Weiner called the speech "big and momentous" and an example of "Obama at his best," but made clear that he disagreed with the administration's new hard line against natural-growth expansion of settlements.
"President Obama said that part of his mission was to speak the truth to friends," said Weiner. "Well I think that I'm doing that with President Obama. Being truthful in saying that he got it wrong when he went as far as he did on settlements. That doesn't mean that I don't support him and that he's not a friend to Israel. I just mean he went a little far out there."
Weiner said he viewed Obama's tough talk as a tactic to bolster the standing of Palestinian president Mahmoud Abbas.
"It's my view they are doing this to prop up Abbas, to give him a victory, to give him the opportunity to say, 'I got more out of Americans than any leader of the Palestinians has ever gotten,'" said Weiner. "I think it's a hollow effort because I don't think that Mahmoud Abbas can win an election, but I think that's what it was about."
Weiner said that Obama's remarks on settlements in Cairo were "not newsworthy" because they broke no new ground on policy, and said that he thought they were meant once again to demonstrate Obama's effort to distance himself from George Bush.

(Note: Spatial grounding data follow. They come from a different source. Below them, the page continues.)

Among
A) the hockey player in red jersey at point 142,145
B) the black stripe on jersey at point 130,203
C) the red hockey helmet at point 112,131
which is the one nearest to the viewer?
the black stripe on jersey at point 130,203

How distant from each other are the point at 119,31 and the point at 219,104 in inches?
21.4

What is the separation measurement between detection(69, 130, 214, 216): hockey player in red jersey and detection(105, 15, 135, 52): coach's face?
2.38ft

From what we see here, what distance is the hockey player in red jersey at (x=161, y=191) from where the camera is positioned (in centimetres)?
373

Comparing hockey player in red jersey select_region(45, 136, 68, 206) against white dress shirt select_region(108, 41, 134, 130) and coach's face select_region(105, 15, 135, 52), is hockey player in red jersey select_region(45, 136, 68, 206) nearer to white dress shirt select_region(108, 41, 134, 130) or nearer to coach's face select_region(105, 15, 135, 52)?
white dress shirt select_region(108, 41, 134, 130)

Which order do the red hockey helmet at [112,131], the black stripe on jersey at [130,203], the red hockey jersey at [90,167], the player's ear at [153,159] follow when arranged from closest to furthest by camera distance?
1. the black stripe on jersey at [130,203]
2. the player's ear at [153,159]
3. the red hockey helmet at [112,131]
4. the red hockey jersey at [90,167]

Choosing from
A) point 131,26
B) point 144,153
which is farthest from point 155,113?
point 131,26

"If you proceed that they want to show there is a new sheriff in town and they are not like the Bush administration, there are only so many things that they can say," said Weiner. "Are they going to say, 'Tear down your security fence?' Are they going to say, 'Stop the checkpoints going into Gaza?' What are they going to say? And the settlements also have the benefit of already being something the Israelis have decided is a problem."
When asked if some Jewish members in the delegation will follow Obama's lead, Weiner said, "I don't know. I get the sense just hearing the buzz that he went too far. But it's a relatively small thing and it's a nuanced thing and who knows what was said behind closed doors, what kind of assurances Bibi got from the president on the much bigger issue of Iran."

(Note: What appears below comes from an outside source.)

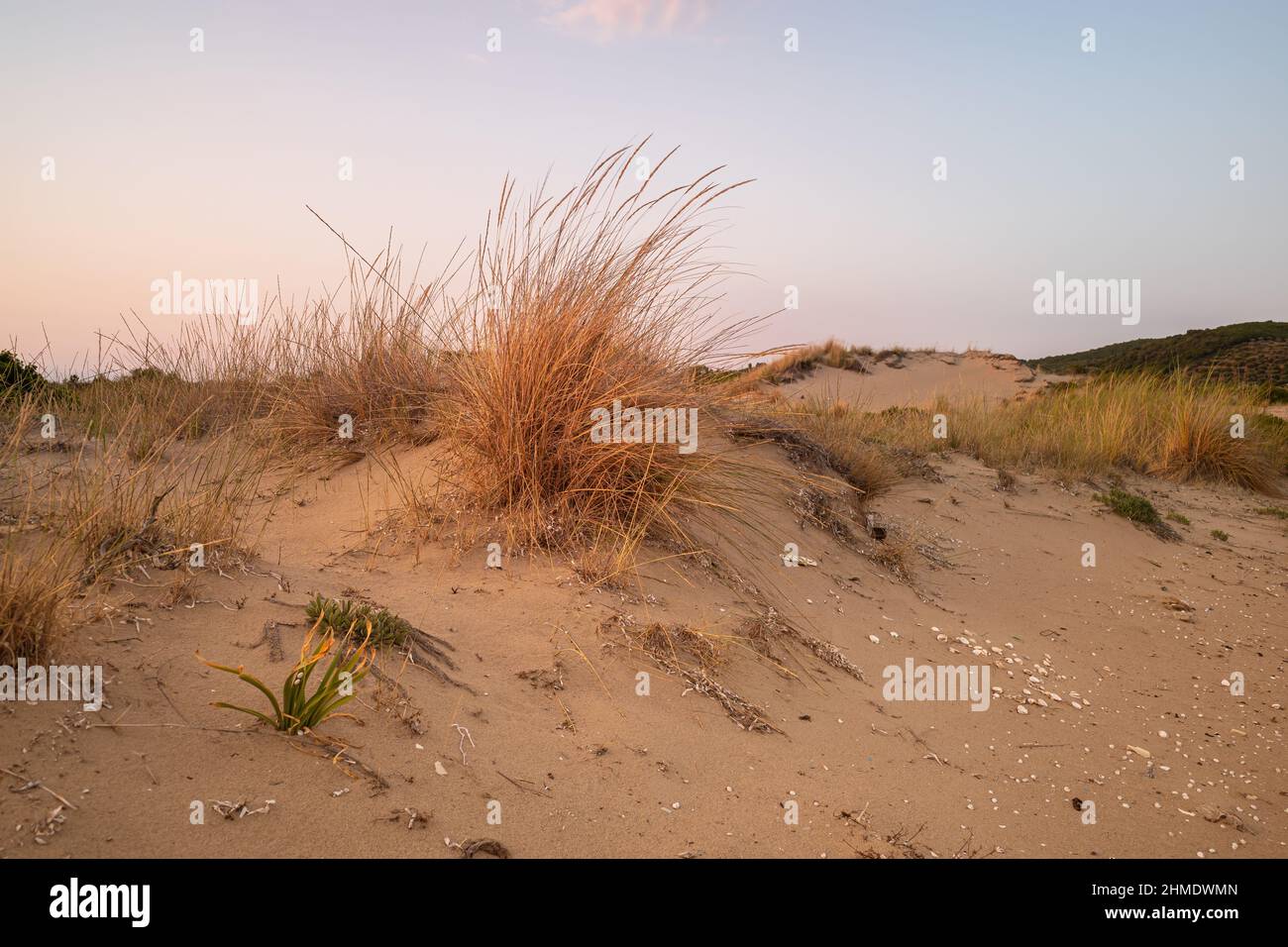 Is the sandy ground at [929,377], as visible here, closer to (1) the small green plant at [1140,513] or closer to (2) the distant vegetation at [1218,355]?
(2) the distant vegetation at [1218,355]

When asked if it was possible that some Jewish members of the New York delegation would peel off and support Obama, Weiner said, "Give me a name. Would Gary Ackerman, because he's the chair on the subcommittee? He's a powerful guy now. I bet he'd say, ‘Yeah I thought that was wrong.'"
On Monday, Ackerman also distanced himself from the Obama administration's comprehensive opposition to settlements, expressing confidence that a "compromise" would be reached to allow for natural-growth expansion, as long as it proved not to be "ruse" for a land grab.
(A story in yesterday's Times showed that the population growth in settlements outpaced rates throughout Israel, suggesting that the official Israeli explanations of "natural growth" to accomodate growing families don't tell the whole story.)
I asked Weiner if Obama's increasingly assertive rhetoric about the Israeli settlements might lead to split among pro-Israel, pro-Obama Democrats in Congress.
He said that the fight over settlements would serve more to bolster Obama's credibility with Arab interlocutors than cause any "peeling away" or political movement in the pro-Israel community.
"Even the hawks believe you have to do something on settlements," he said. "I believe even the doves believe you have to allow for natural growth. But if he pushes in this direction more, I just don't think you're going to see large numbers of people peeling away and saying, 'Yeah, you have got to stop natural growth.'
"More than likely it's, some people stop marching up the hill with him in the pro-Israel community and he makes the calculation, 'Well, I still have plenty to go and it's more important that I show people that I'm different. '"
Weiner also suggested that Obama had calculated that if he did clash with some of the most uncompromisingly pro-Israel officials in America–like, say,Anthony Weiner–it would only serve to boost his credibility in the Arab world as an honest broker.
"I think with settlements," Weiner said, "he wanted a fight with me."